I'm warning you people right now: this entry contains information on my yearly, womanly physical. If you're squeamish…well, why the HELL are you reading my diary, anyway? Good crap on a stick…

This morning, I signed into a messenger service on my cell phone and then promptly forgot about it, as I was in a hurry to get to the aforementioned doctor's appointment.

I waited for my doc to prep for the exam as I was lying on the examination table (a.k.a., genital torture platform – or GTP, if you're in the know, or remarkably pathetic). She was gathering up her plastic phallic equipment, swabs, rusty nails, jar of jam, steel muzzle, salad tongs, and latex gloves (just to be safe), when I heard the familiar chirp from my cell phone in my bag, letting me know that someone had sent me an instant message.

Considering this day and age, I don't want anyone to get on my case when I admit that I almost reached for my phone to chat away, comfortably propped in the stirrups.

Friend23: hi. where are you?

Me32: getting a crotch exam. what are you up to?

Yeah.

You will, however, be happy to know that I did not give in to the urge. Congratulations to me, for successfully separating web from much-too-personal life. Or perhaps for simply staying comfortably within the boundaries of good taste.

This entry excluded, of course.

Prior to the appointment, I stopped to get some coffee at a nearby café. This particular coffee shop is affiliated with a local media group that owns several radio stations. I sipped on my beverage while reading the morning paper, watching out of the corner of my eye as DJs and executive types wandered about, looking so purposely cool and yet so terribly important that it almost made me ashamed to not be associated with the music industry. Then their amazing coolness almost made me sorry I was even alive. Then I realized that their overwhelming, shame-inducing, potent-as-a-Mervyn's-cologne-section coolness was all a ploy, and that they simply wanted to feel validated for having the desire to wear their hair in a ponytail at work at the age of 45. So I quit feeling sorry and instead sneered at them over the rim of my coffee mug.

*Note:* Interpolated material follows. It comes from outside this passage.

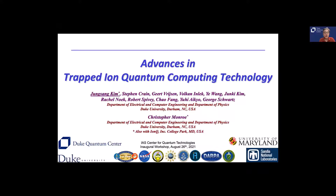This is work done with most of my graduate students and postdocs at Duke University, and many of these collaborations are with Chris's group, first at the University of Maryland and now at Duke. We'd like to thank all the sponsors for supporting our research.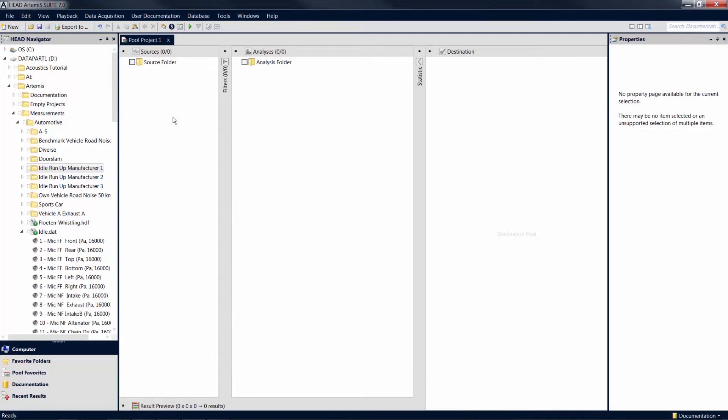Welcome to another Artemis Suite tutorial. This tutorial will show you how to populate projects in Artemis Suite with data using the head navigator or the database.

That showed them, but good.

Then a young woman appeared and shook the hand of a man who was hovering near the door, clutching a portfolio bag. The ensuing conversation went something like this:

Woman: Hi! Glad you could make it. You want to have a seat?

Man: Sure. Thanks.

(They sit at a table nearby.)

Woman: I brought you some radio station goodies, to make up for the fact that you had to drive all the way down here. Or perhaps because it's a bunch of crap that we can't get rid of to save our lives, so I'm pawning it off on you.

Man: Oh, thanks. That's very kind of you.

Woman: My pleasure. Do you like my stylish blazer and jeans ensemble, and the fact that my makeup is applied to make it look like I'm NOT wearing makeup? It just screams young, hip executive woman-on-the-go, doesn't it? Anyway, let's take a look at what you've got for me.

Man: Okay.

(He pulls out his portfolio and the two of them examine the contents for a couple of minutes. I sip my coffee, almost on the edge of my seat with anticipation. I can't believe my luck at witnessing this amazing moment in typical rock radio life.)

Woman: Okay, see. Here, where it has the picture of our morning show DJ? I know who he is. You know who he is. But I think our general public will require an identifying caption, don't you?

Man: Sure. Okay. I can do that.

Woman (stands up): Okay, great. Thanks for coming.

Man (looking bewildered): That's it? That's what I came in for?

Woman: Yes. Thanks very much. Here, for your trouble, have some more stuff with radio-station call numbers on them. Like this pen. And an ugly-as-all-hell t-shirt. And here, have a couple of these beverage insulators that no one ever uses except as cushioning when they're packing dishes on moving day.

Man: Uh. Thanks. You know what? No. I don't need five keychains. Thanks anyway.

Woman: No problem. I'm going to go brush some imaginary lint off of my stylish blazer, and then flirt with the graveyard shift DJ, and I'm going to get paid to do so. Thanks again for coming.

(Man wanders toward the door, clutching his not-quite-perfect portfolio. The woman turns with an armful of rejected radio merchandise, and catches sight of me peeking at her over the entertainment section of the paper.)

Woman: Hi! Hey, thanks for coming to our coffee shop. To show our appreciation, I'm going to let you have some of these free beverage–

(I leap up, throw a chair at her as a distraction, and flee the café.)

Hip, corporate America. Sometimes, you just have to hit it in the kneecaps and run for your life.